Pages in topic:   [1 2] >
Inserting tags on version 4.2.0
Thread poster: Alvaro Pavié
Alvaro Pavié
Alvaro Pavié
Chile
Local time: 23:48
English to Spanish
+ ...
May 31, 2019

Greetings!

I began using this CAT sofware about a month ago and so far I'm pretty happy with it. However, I'm having issues using tags on the latest version, since I have to remove most of them before working on a document (due to PDF to .docx conversion). How do I insert tags and make sure they will work once the translated document is created?

Thanks!


 
Susan Welsh
Susan Welsh  Identity Verified
United States
Local time: 23:48
Russian to English
+ ...
You don't insert tags Jun 3, 2019

You don't insert tags in the target document; they have to be there in the source document, and then you repeat the same tags in the target document. If I understand you correctly, you have stripped out the formatting in your .docx when you converted the PDF. I'm not sure why you did that, but you have to format the source document the way you want it to look before you translate it, or you have to format the target document in Word (or whatever application) when you are finished with OmegaT.... See more
You don't insert tags in the target document; they have to be there in the source document, and then you repeat the same tags in the target document. If I understand you correctly, you have stripped out the formatting in your .docx when you converted the PDF. I'm not sure why you did that, but you have to format the source document the way you want it to look before you translate it, or you have to format the target document in Word (or whatever application) when you are finished with OmegaT.
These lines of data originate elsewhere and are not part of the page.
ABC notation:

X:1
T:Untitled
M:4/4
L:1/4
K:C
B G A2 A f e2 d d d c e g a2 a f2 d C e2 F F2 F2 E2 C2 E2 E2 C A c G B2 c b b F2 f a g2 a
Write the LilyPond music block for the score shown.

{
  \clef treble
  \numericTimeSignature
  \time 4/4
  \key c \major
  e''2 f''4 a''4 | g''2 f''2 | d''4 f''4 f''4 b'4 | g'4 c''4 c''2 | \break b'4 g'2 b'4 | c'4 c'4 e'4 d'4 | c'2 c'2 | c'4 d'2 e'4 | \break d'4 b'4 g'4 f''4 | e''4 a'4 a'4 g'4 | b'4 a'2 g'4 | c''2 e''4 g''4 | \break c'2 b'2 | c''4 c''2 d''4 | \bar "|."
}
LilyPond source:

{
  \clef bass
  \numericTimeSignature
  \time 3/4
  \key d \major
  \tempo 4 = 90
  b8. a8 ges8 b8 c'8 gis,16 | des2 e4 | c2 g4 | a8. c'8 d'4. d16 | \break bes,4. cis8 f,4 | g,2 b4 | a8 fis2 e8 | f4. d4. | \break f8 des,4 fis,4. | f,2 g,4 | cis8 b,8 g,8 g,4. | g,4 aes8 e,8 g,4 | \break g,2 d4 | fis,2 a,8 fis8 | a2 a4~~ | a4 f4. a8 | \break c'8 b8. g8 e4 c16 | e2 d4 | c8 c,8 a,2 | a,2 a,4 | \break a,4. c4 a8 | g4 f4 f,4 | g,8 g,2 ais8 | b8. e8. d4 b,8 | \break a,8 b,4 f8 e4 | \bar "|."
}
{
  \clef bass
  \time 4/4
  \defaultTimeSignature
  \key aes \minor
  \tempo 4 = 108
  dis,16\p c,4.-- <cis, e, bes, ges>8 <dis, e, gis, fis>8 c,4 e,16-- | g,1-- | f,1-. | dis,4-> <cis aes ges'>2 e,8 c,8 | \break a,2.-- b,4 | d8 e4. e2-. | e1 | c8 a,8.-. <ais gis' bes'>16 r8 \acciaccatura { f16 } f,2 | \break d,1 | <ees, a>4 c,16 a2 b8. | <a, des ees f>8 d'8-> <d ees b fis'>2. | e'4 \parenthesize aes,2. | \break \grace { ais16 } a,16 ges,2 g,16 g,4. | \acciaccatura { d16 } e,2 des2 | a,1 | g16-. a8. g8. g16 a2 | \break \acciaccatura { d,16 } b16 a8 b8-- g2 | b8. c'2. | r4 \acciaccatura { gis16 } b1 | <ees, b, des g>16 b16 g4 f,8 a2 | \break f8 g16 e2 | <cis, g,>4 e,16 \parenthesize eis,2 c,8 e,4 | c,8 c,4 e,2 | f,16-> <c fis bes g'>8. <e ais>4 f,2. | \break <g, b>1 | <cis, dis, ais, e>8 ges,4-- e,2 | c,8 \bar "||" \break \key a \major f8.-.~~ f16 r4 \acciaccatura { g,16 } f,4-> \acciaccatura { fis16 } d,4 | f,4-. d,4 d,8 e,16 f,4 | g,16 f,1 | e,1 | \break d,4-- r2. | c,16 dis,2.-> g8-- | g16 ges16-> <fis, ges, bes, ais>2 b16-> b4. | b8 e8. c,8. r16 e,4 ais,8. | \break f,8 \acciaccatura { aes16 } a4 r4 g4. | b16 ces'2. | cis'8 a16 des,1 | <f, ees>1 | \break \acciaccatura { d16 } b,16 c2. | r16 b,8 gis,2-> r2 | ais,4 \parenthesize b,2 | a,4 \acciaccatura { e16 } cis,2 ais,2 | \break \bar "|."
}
[Edited at 2019-06-03 12:02 GMT]
Collapse


 
Alvaro Pavié
Alvaro Pavié
Chile
Local time: 23:48
English to Spanish
+ ...
TOPIC STARTER
An easier way to format words? Jun 3, 2019

Susan Welsh wrote:

You don't insert tags in the target document; they have to be there in the source document, and then you repeat the same tags in the target document. If I understand you correctly, you have stripped out the formatting in your .docx when you converted the PDF. I'm not sure why you did that, but you have to format the source document the way you want it to look before you translate it, or you have to format the target document in Word (or whatever application) when you are finished with OmegaT.
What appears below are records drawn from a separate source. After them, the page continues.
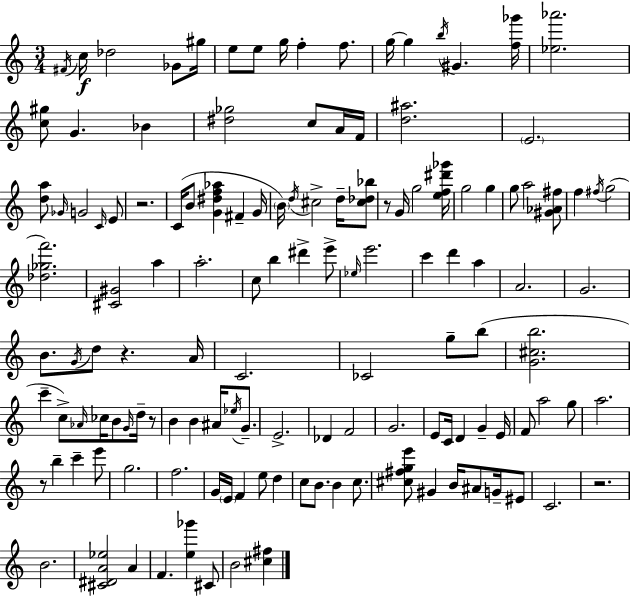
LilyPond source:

{
  \clef treble
  \numericTimeSignature
  \time 3/4
  \key c \major
  \repeat volta 2 { \acciaccatura { fis'16 }\f c''16 des''2 ges'8 | gis''16 e''8 e''8 g''16 f''4-. f''8. | g''16~~ g''4 \acciaccatura { b''16 } gis'4. | <f'' ges'''>16 <ees'' aes'''>2. | \break <c'' gis''>8 g'4. bes'4 | <dis'' ges''>2 c''8 | a'16 f'16 <d'' ais''>2. | \parenthesize e'2. | \break <d'' a''>8 \grace { ges'16 } g'2 | \grace { c'16 } e'8 r2. | c'16( b'8 <g' dis'' f'' aes''>4 fis'4-- | g'16 \parenthesize b'16) \acciaccatura { d''16 } cis''2-> | \break d''16-- <cis'' des'' bes''>8 r8 g'16 g''2 | <e'' f'' dis''' ges'''>16 g''2 | g''4 g''8 a''2 | <gis' aes' fis''>8 f''4 \acciaccatura { fis''16 }( g''2 | \break <des'' ges'' f'''>2.) | <cis' gis'>2 | a''4 a''2.-. | c''8 b''4 | \break dis'''4-> e'''8-> \grace { ees''16 } e'''2. | c'''4 d'''4 | a''4 a'2. | g'2. | \break b'8. \acciaccatura { g'16 } d''8 | r4. a'16 c'2. | ces'2 | g''8-- b''8( <g' cis'' b''>2. | \break c'''4-- | c''8->) \grace { aes'16 } ces''16 b'8 \grace { g'16 } d''16-- r8 b'4 | b'4 ais'16 \acciaccatura { ees''16 } g'8.-- e'2.-> | des'4 | \break f'2 g'2. | e'8 | c'16 d'4 g'4-- e'16 f'8 | a''2 g''8 a''2. | \break r8 | b''4-- c'''4-- e'''8 g''2. | f''2. | g'16 | \break \parenthesize e'16 f'4 e''8 d''4 c''8 | b'8. b'4 c''8. <cis'' fis'' g'' e'''>8 | gis'4 b'16 ais'8 g'16-- eis'8 c'2. | r2. | \break b'2. | <cis' dis' a' ees''>2 | a'4 f'4. | <e'' ges'''>4 cis'8 b'2 | \break <cis'' fis''>4 } \bar "|."
} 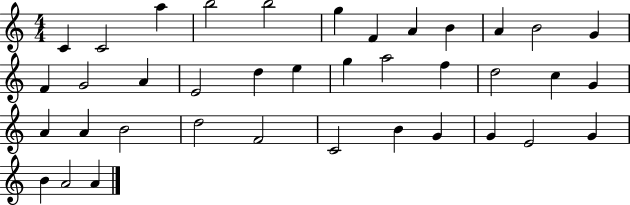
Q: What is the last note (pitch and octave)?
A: A4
[Edited at 2019-06-03 12:02 GMT]


I used TransTools to remove the tags from the .docx file (didn't actually receive the original PDFs, the documents were already converted when I got them) before using OmegaT, because otherwise I wouldn't have been able to translate due to the sheer amount of tags on the source segments.

So, if I want to italicize a foreign word on the target document, I have to do it manually after finishing the translation? Is there an easier way to do that?


 
Milan Condak
Milan Condak  Identity Verified
Local time: 05:48
English to Czech
Tagswipe and hide tags Jun 3, 2019

Alvaro Pavié wrote:

Greetings!

I began using this CAT sofware about a month ago and so far I'm pretty happy with it. However, I'm having issues using tags on the latest version, since I have to remove most of them before working on a document (due to PDF to .docx conversion). How do I insert tags and make sure they will work once the translated document is created?

Thanks!


Why? Too much tags! It is recommanded first reduce tags by script Tagswipe.

Tags diminishing machine translation results

http://www.condak.cz/nove/2019-03/31/en/00.html

Formatting

After this pretranslation you need to switch tags back and add them to translated texts.

How?

Ctrl+T, in some cases can be added all tags by Crtl+Shift-T.
--
Hide tags if you need it and and them back into target segment.

Milan


 
Alvaro Pavié
Alvaro Pavié
Chile
Local time: 23:48
English to Spanish
+ ...
TOPIC STARTER
Is TransTools bad? Jun 3, 2019

Milan Condak wrote:

Why? Too much tags! It is recommanded first reduce tags by script Tagswipe.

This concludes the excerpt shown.